Each time I respond to a HTML message I instinctively hit CTRL-ENTER to add a new line without the left black line, but that sends out the message...
----- Original Message -----
From: Bjorn Karlsson
Sent: Saturday, January 26, 2002 11:34 AM
Subject: RE: [boost] Re: Proposal for lexical_cast/lexical_convert
> From: Fernando Cacciola [mailto:fcacciola_at_[hidden]]
> I though about this. Perhaps I didn't understand the intended
> usage for
> Is it 'just' to avoid exceptions to be thrown in case of
> error?, or is it
> intended to be used in
> contexts when failure isn't critical and you can ignore it,
> in which case a
> default Target() is ok as long as a boolean flag is also returned
> I figured that the usefulness resided in the second case, not
> the first.
> IOWs, I figured that the idea was to have a conversion that
> always returns
> something, but signaling if it is what was expected.
> Had I misunderstood the idea?
> If the conversion is supposed to return 'nothing' in case of
> error, then the
> original interface is better.
> If the conversion is supposed to return something, whether
> the expected
> thing or not, I recommend my interface.

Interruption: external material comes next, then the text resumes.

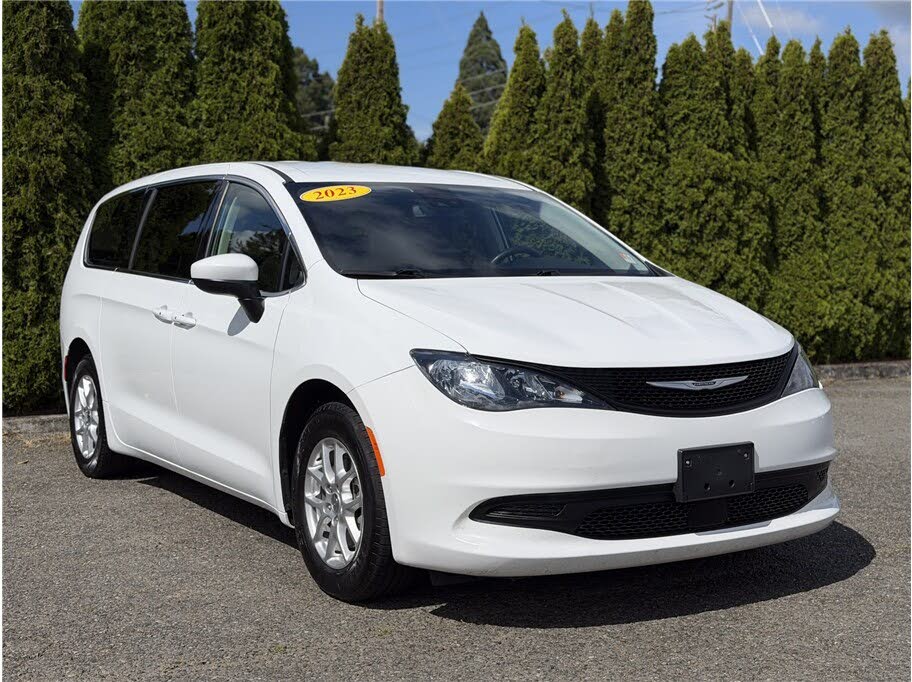 2023 Chrysler Voyager LX Fleet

The thing is, if the operation fails, there's no guarantee of the usefulness of what's returned.
The intent is 0) no exceptions thrown, 1) client selects what consitutes an error and 2) looks *almost* like lexical_cast.

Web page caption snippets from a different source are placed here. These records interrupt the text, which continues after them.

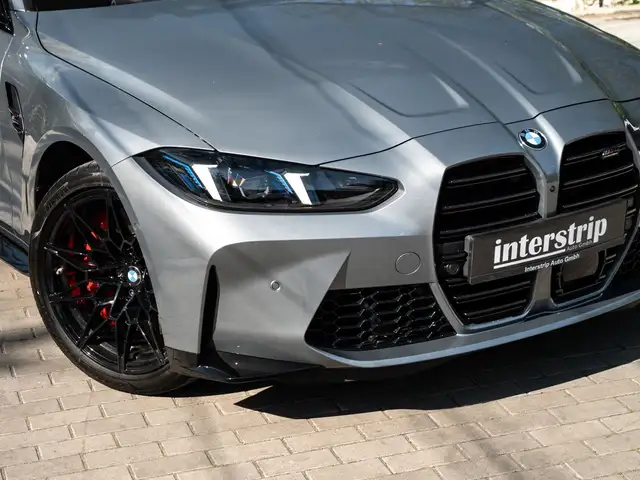 BMW M4 view 7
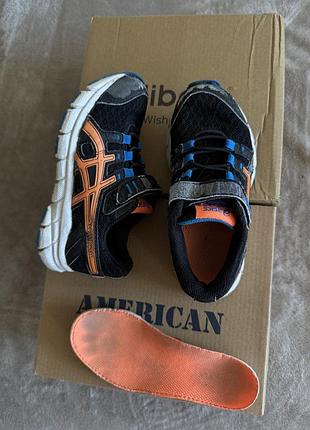 Кросівки дитячі asics 28.5 17.5 см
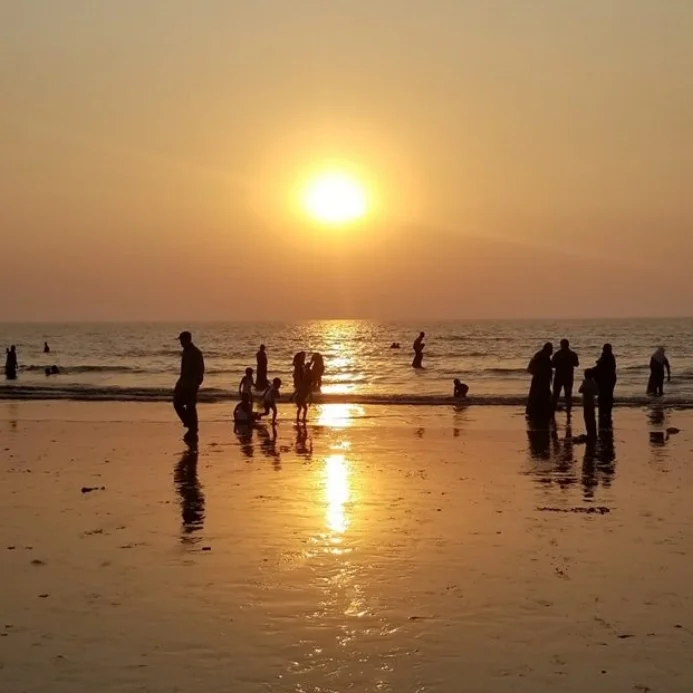 Sunset at Juhu Beach, Mumbai, India.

0) Exceptions aren't always possible to use, either by convention or by lack of exception support.
1) If a conversion isn't an error, exception handling is not only unnecessary, it also makes the code less clear.

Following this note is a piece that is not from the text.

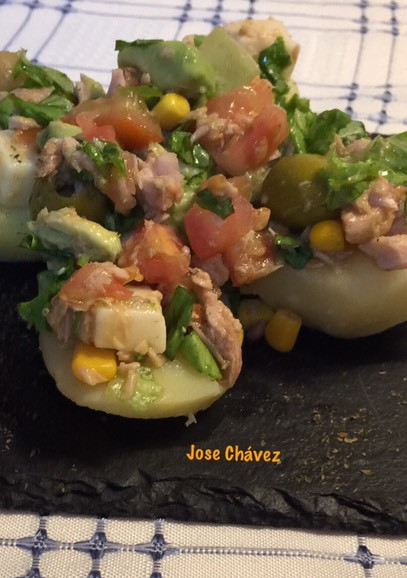 Una foto de Ensalada de Atún con papas guisadas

2) lexical_cast is elegant, functional, useful and well-proven, so lexical_convert should be similar.
This intent is also achieved in your proposed signature, but IMHO optional return codes are invitations to poor programming practice. By returning the result of the operation the user still has the possibility to discard the return value, but at least they'll know they're pushing their luck :-) (or clarifying that the operation cannot fail, but that argument holds equally well for both signatures).
Does that make sense?
Could you elaborate how *exactly* "optional return codes are invitations to poor programming practice"?
Your signature returns a bool on one hand, and, on the other hand; fills in -or not- the target.
So the target, as a result, is 100% optional in any signature, even though this fact isn't explicit in the interface.
With your interface, if the user forgets to check if a result has been really returned, this error might not be critical because the value being left in the target variable could be a reasonable default.
The interface I proposed dealt with it returning a default constructed Target() result.
I think both interfaces give optional results, but yours allows a user defined default value to be the 'optional', so in this respect is more flexible.
Notice that the usage of optional<> provides the safest interface: there is no way you can accidentally use a value which wasn't returned by lexical_convert(). optional<> behaves like a NULL pointer if lexical_convert() failed, as soon as you try to dereference it you get an assertion violation.